By Robert Lindsay
First of all, in its present form, the state of India has no right to exist. Prior to 1947, there was no India. Prior to British colonialism, there was no India. There was really no Hinduism either.
It was British colonizers who made note of the varying South Asian forms of religions and collated them into a supposedly uni-variate object called "Hinduism". It was British anthropologists, colonizers and cartographers who invented this thing called "India".
The whole blasted Hindutva lie is based on the ludicrous notion of a "Bharat India". This Bharat India is a fake nation that has supposedly existed for at least hundreds and usually thousands of years. Its borders vary, but always include all of Pakistan and Bangladesh, not to mention the entirely to the failed state of India.
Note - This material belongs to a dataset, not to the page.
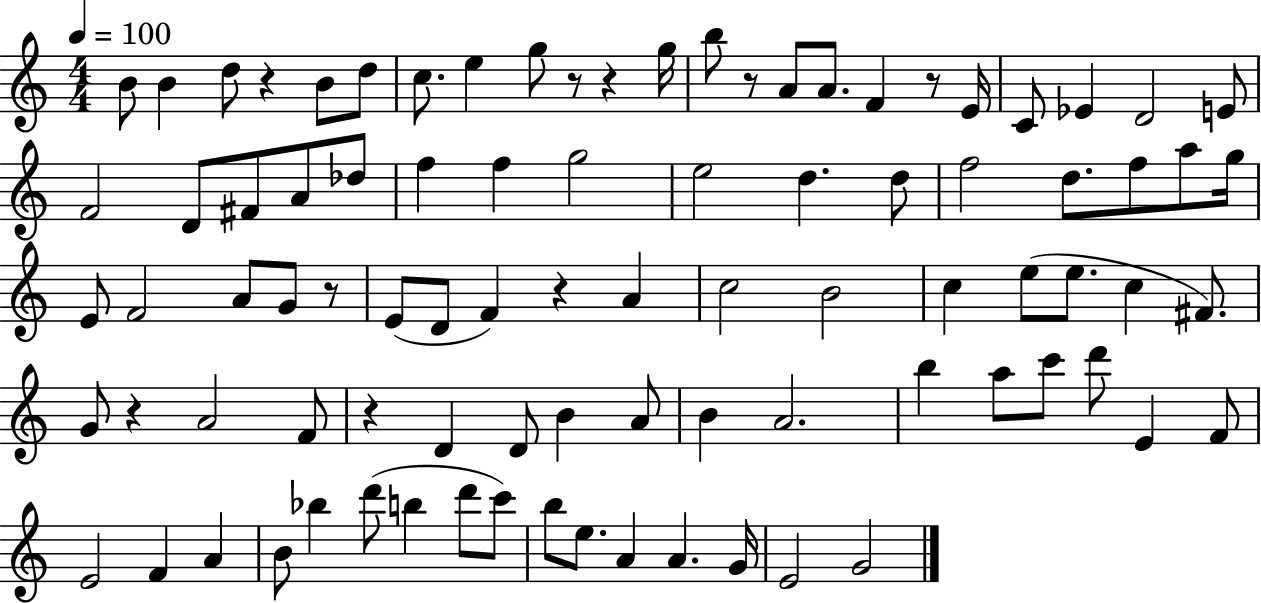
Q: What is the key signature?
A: C major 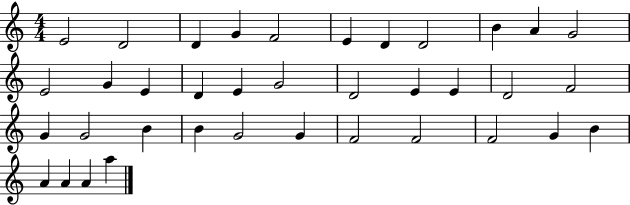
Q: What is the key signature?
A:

Yes, you have it right, Hindutvas and Indian nationalism in general rejects the right of either Bangladesh or Pakistan to self-determination. Both are "organic" parts of the Indian nation torn loose from the bosom of the bloody soil of Bharat, in need of a fascist irredentist war of national consolidation to bring them back into the fold.
Surely they claim Sri Lanka too.
There are many other places that lack an independent history. Hindutvas claim Burma, Thailand, Laos, Cambodia, Vietnam and Indonesia and sometimes the Philippines. Bharat India extends past Pakistan, through Afghanistan to Iran and all the way to Azerbaijan. Why Iran and Azerbaijan, you ask sensibly? Because "Hindu" fire temples have been found there, that's why. Everyone else seems to think that these are Zoroastrian fire temples, but whatever.
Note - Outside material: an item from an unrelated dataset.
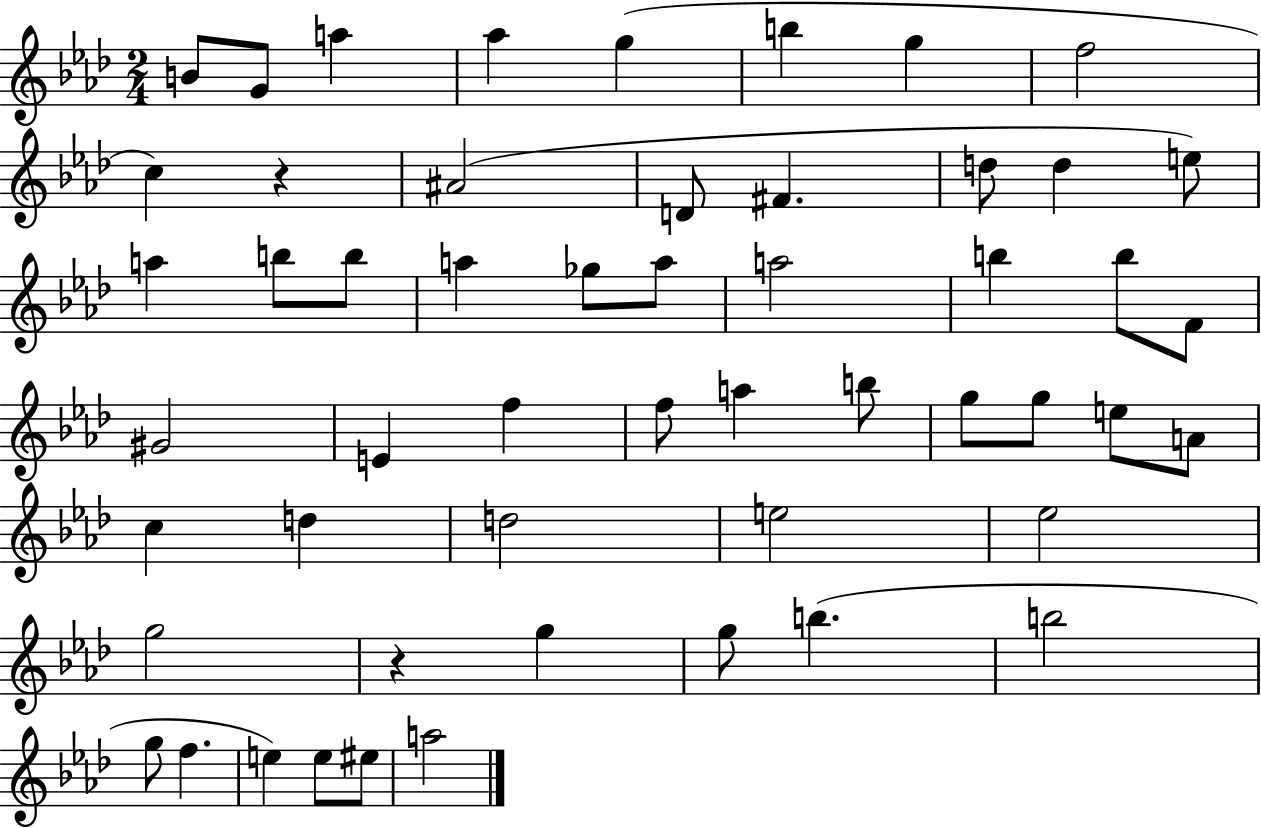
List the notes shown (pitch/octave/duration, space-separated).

B4/e G4/e A5/q Ab5/q G5/q B5/q G5/q F5/h C5/q R/q A#4/h D4/e F#4/q. D5/e D5/q E5/e A5/q B5/e B5/e A5/q Gb5/e A5/e A5/h B5/q B5/e F4/e G#4/h E4/q F5/q F5/e A5/q B5/e G5/e G5/e E5/e A4/e C5/q D5/q D5/h E5/h Eb5/h G5/h R/q G5/q G5/e B5/q. B5/h G5/e F5/q. E5/q E5/e EIS5/e A5/h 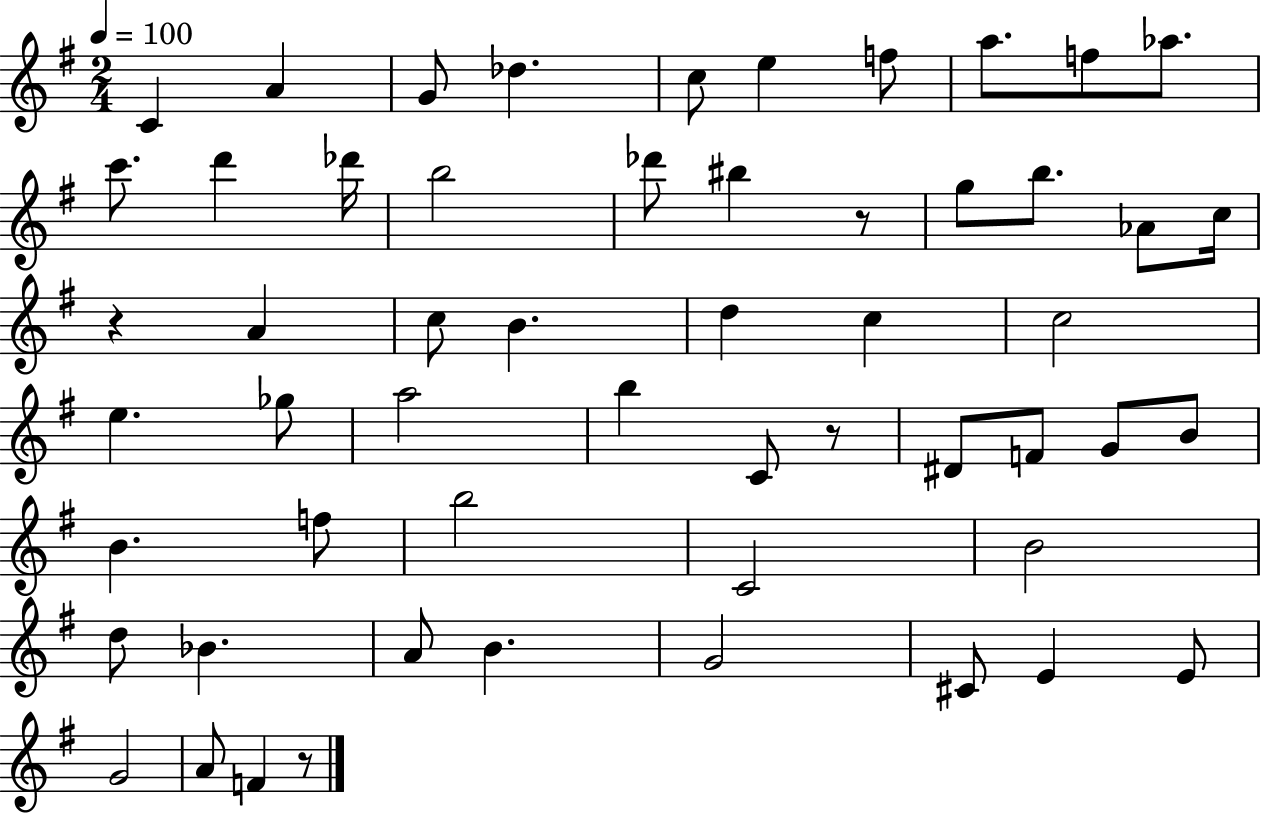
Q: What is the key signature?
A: G major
One theory of the name of Azerbaijan is that jan is a word in Urdu, Farsi and Turkic meaning "life". In many Middle Eastern cultures (except Semitic), fire symbolized life. A burning fire meant a full, living life, and a dead fire meant death.
Azerbaijan had abundant oil and gas deposits even back before drilling was known. Apparently, the oil and gas bubbled to the surface and caught fire in places. Azerbaijan was "land of the fires". This is also the area where Zoroastrianism was said to have originated.
None of these lands have a history of their own. Hindutvas, thieves of historical dreams, claim their histories for them.
In fact, it incredibly extends even further. Hindutvas actually claim to have built Greek and Roman civilization! Yet somehow these brilliant Indians were unable to transport this great knowledge back to India where it could have done some good.
Hindutva lies and propaganda are nasty things. There are over 1 billion people in India, and if the most brilliant of them fall for the Hindutva trash (And they do!) you can imagine what fertile soil the minds of average ignorant Indian is for this garbage.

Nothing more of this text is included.